HQ × Crystal eyes sickness.
| どうしたんだ?浮かない顔して。この世の終わりでもないんだし、元気出せよ!……無理?まさか。 俺はさ、初めから叶うはずない恋だって分かってたんだ。俺じゃない誰かを好きな女の子を好きになった。こっちを向いて笑ってくれるのも好きだったけど、そいつが恋をしているときの顔がそれよりももっと好きだった。笑っちまうよな。俺にはそれが初恋だったんだ。玉眼症になって進行していく症状を考えながら、俺はこの恋を叶えたいのかどうかが一番悩みどころだったけど、最後の最後に告白してみて分かった。──や、この先は言わねぇけど。お前にだけはな、ははっ。 俺には天秤の片方はなかった。恋の勝率は限りなく低かったし、たとえ叶っても犠牲になる未来だってそんなに重くない。こんなこと言っちゃなんだけど、盲目だって幸せになれるんだから、恋の為に視力を失うことだってアリだと思うよ。つまり俺は悩む必要なんてなかった。だから、──アイツのことはちょっとだけ羨ましくて、同じだけ可哀想だなって思うんだ。

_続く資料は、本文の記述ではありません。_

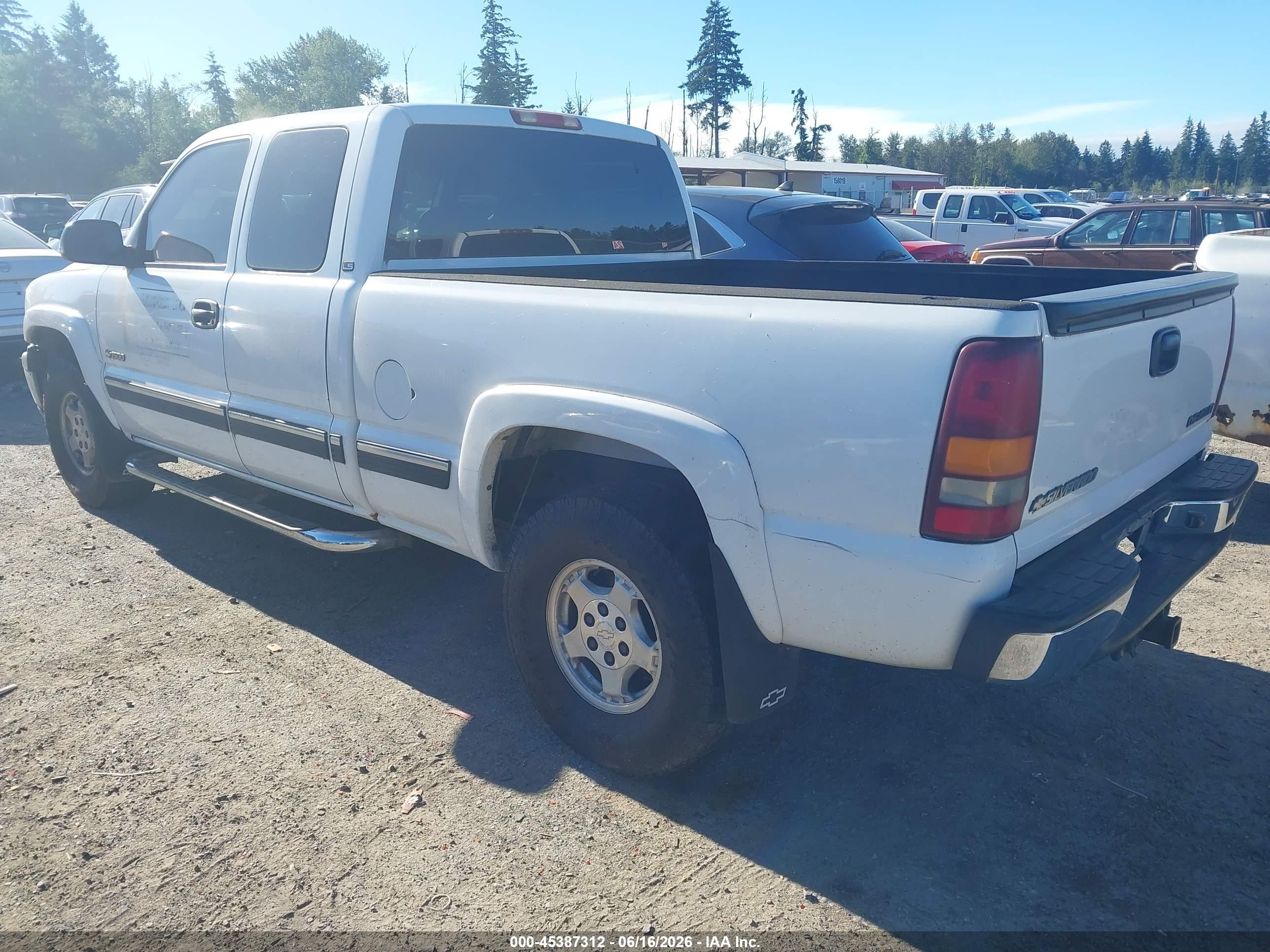 2002 Chevrolet Silverado 1500 Ls White vin: 1GCEK19T32E198209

きっと今、お前のことで頭がいっぱいだと思うぜ。 |
最終章「雨夜の月--糸引く雨と恋模様--」では、一つの恋の行く末を描いていただきます。前回のイベントにおいて、男の子と女の子は男の子を苦しめる病気の名を、そこからの解放の術を知りました。そして、二人、互いに様々な想いを巡らせたことでしょう。幸せの在処を探し、一つの選択をしたことでしょう。けれど、これは二人のお話。一人の選択だけでは、物語は針を進めることができません。ですから、答え合わせの時間です。或いは、二人で一つを選び取る時間かも。男の子は前回のイベント直後或いは数日後より、経過観察を兼ねて入院をすることと相成りました。そうして遂に、自らを蝕む玉眼症に区切りをつける決意をします。ただ徒に精神を摩耗するばかりの日々に別れを告げるための方策はひとつ。それは、恋い慕う少女へと想いを告げること。告白の理由は4.5章の選択次第で変わるかと思います。すなわち、視力を選んだ男の子は「思いを告げて振ってもらうため」に、恋心を選んだ女の子は「思いを告げて叶えてもらうため」に。どちらが理由であったとしても告げる気持ちは真実のもの。宝石のかがやきを抱くまでに至高なる思いを向けられたとき、女の子は何を思うのでしょう。無論、女の子も様々な感情を抱き思考を経た後に男の子の前にたっています。ひとりとひとりの間に芽生えた淡い淡い恋心。いつしか熱を帯び、輝きを伴うようになったふたりの「恋」に結びをつけるときがやってきました。どうか後悔のないよう──あなたの願いはなんですか?